Classical Statistical Intuitions in Machine Learning: Do They Still Hold?

General Overview
Recent advances in machine learning (ML) have sparked debates about how traditional statistical intuitions, particularly the bias-variance tradeoff, hold up in the context of large-scale, complex models. This article highlights the critical differences between historic statistical practices, which focused on fixed designs and in-sample predictions, and modern ML, which prioritizes generalization to unseen data. Specifically, it explores how switching from fixed to random designs can significantly alter the classic bias-variance tradeoff and lead to phenomena like double descent and benign overfitting.

Fixed vs. Random Design Settings
Classical statistics are often focused on fixed design settings, where training and test inputs are assumed to be the same, and only the outcomes vary. In contrast, modern ML methods rely on random design settings, where training and test inputs are newly sampled, making out-of-sample prediction accuracy the critical focus. The move to random designs profoundly affects the expected bias and variance of models, altering predictions and challenging traditional interpretations.
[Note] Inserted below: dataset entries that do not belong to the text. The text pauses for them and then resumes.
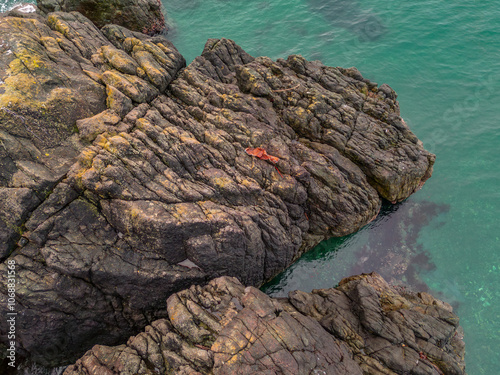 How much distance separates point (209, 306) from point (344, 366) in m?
8.46

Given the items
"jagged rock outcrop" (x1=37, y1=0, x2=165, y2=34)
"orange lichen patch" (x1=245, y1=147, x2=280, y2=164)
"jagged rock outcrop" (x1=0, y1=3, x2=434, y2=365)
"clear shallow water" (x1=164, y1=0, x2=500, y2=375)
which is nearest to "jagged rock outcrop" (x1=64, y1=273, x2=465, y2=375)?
"jagged rock outcrop" (x1=0, y1=3, x2=434, y2=365)

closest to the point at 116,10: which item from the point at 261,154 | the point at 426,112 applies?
the point at 261,154

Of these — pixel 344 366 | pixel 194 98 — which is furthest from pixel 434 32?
pixel 344 366

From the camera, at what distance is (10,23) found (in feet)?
68.2

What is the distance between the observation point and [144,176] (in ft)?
60.1

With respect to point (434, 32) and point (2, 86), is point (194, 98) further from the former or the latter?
point (434, 32)

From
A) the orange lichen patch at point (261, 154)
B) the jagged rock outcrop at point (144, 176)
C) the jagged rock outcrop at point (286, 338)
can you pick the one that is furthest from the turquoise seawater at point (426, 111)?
the orange lichen patch at point (261, 154)

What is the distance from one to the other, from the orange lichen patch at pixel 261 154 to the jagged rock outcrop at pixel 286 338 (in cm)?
1018

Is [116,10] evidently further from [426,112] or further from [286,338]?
[426,112]

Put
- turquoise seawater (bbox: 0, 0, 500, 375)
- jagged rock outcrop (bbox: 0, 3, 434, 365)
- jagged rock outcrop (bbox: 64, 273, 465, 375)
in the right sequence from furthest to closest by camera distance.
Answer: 1. turquoise seawater (bbox: 0, 0, 500, 375)
2. jagged rock outcrop (bbox: 0, 3, 434, 365)
3. jagged rock outcrop (bbox: 64, 273, 465, 375)

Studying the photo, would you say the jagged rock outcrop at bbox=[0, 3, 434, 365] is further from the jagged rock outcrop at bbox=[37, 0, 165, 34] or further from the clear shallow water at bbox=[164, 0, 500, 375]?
the jagged rock outcrop at bbox=[37, 0, 165, 34]

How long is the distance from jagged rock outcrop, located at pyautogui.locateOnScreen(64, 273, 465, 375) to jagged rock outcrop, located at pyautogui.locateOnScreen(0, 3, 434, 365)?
10.5ft

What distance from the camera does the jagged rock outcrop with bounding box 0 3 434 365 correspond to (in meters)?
16.7

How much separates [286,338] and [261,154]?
13.5m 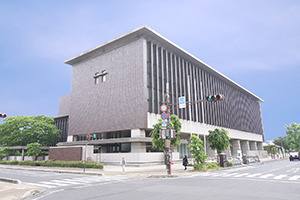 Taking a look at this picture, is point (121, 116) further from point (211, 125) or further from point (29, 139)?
point (29, 139)

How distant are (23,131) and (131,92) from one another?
34457mm

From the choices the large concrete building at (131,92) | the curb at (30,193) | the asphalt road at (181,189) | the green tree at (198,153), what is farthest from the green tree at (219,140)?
the curb at (30,193)

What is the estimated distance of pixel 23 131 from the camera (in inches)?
2194

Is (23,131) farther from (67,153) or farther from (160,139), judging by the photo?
(160,139)

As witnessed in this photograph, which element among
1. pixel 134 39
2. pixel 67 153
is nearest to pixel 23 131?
pixel 67 153

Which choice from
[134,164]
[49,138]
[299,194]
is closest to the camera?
[299,194]

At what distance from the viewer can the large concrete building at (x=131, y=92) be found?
129 feet

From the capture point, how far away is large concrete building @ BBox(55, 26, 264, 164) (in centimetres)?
3930

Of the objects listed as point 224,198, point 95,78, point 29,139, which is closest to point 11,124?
point 29,139

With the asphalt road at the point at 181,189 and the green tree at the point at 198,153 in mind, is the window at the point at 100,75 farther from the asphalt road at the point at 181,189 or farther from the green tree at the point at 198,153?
the asphalt road at the point at 181,189

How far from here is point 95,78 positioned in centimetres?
4947

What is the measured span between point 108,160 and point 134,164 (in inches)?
240

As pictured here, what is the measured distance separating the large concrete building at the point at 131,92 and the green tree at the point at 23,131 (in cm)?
1301

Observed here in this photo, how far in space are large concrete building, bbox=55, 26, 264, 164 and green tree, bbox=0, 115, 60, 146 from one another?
13.0 meters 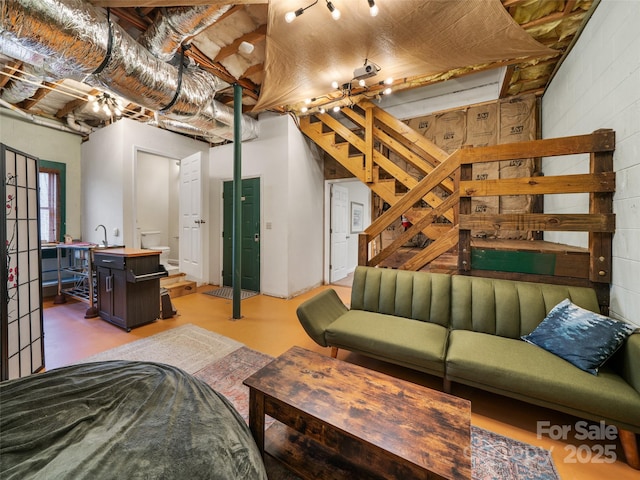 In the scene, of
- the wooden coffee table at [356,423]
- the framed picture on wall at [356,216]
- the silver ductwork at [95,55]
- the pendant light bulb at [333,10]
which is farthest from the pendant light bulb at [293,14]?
the framed picture on wall at [356,216]

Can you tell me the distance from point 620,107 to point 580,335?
1.65 m

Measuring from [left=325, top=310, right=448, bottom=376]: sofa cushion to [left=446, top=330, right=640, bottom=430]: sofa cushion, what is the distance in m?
0.11

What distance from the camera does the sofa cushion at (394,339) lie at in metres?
1.82

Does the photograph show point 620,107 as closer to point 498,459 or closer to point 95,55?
point 498,459

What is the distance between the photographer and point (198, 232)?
14.9 feet

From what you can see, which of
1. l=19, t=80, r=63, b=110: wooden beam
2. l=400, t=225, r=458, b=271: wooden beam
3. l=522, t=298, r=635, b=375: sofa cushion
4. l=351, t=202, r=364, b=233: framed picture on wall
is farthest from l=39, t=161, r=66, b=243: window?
l=522, t=298, r=635, b=375: sofa cushion

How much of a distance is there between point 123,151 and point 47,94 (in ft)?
3.63

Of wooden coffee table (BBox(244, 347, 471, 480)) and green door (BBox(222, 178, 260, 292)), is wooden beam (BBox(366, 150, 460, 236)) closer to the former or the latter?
wooden coffee table (BBox(244, 347, 471, 480))

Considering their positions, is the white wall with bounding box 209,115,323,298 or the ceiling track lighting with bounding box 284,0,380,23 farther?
the white wall with bounding box 209,115,323,298

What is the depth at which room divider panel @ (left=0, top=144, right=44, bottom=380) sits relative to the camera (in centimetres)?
173

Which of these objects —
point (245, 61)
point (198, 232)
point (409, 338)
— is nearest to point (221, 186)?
point (198, 232)

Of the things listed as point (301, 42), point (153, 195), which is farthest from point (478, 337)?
point (153, 195)

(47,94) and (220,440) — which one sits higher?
(47,94)

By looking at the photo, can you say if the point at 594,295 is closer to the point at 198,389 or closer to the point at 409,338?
the point at 409,338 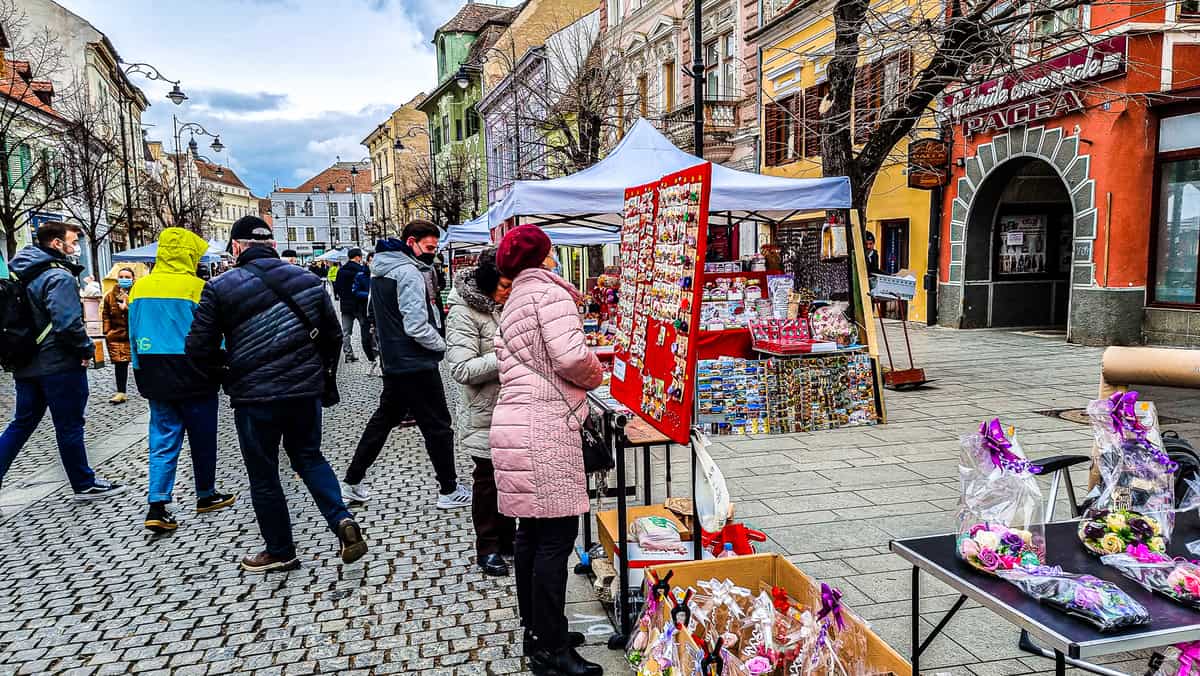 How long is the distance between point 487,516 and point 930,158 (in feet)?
44.6

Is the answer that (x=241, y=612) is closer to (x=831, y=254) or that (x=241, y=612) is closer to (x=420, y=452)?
(x=420, y=452)

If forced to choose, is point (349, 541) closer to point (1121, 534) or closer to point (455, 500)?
point (455, 500)

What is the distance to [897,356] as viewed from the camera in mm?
11711

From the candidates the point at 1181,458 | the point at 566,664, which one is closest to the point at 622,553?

Bias and Variance in Machine Learning
In ML, one of the fundamental principles is the bias-variance tradeoff, which suggests that as model complexity increases, variance goes up, and bias goes down. However, this article argues that such tradeoffs do not always apply, particularly in random design settings. For example, simple estimators like k-Nearest Neighbors show that bias and variance can decrease as complexity is reduced, undermining the clear-cut tradeoffs posited by classical statistical methods.

Double Descent: A New Phenomenon
The article discusses the emergent phenomenon of double descent in ML, where, contrary to traditional beliefs, prediction errors first decrease, then increase, and then decrease again as the number of parameters exceeds the number of training examples. Although the double descent violates classical intuitions, this behavior is different primarily due to the random design setting. The critical insight is that traditional U-shaped error curves stem from the fixed design perspective, whereas double descent reflects random design dynamics, particularly when models are over-parameterized.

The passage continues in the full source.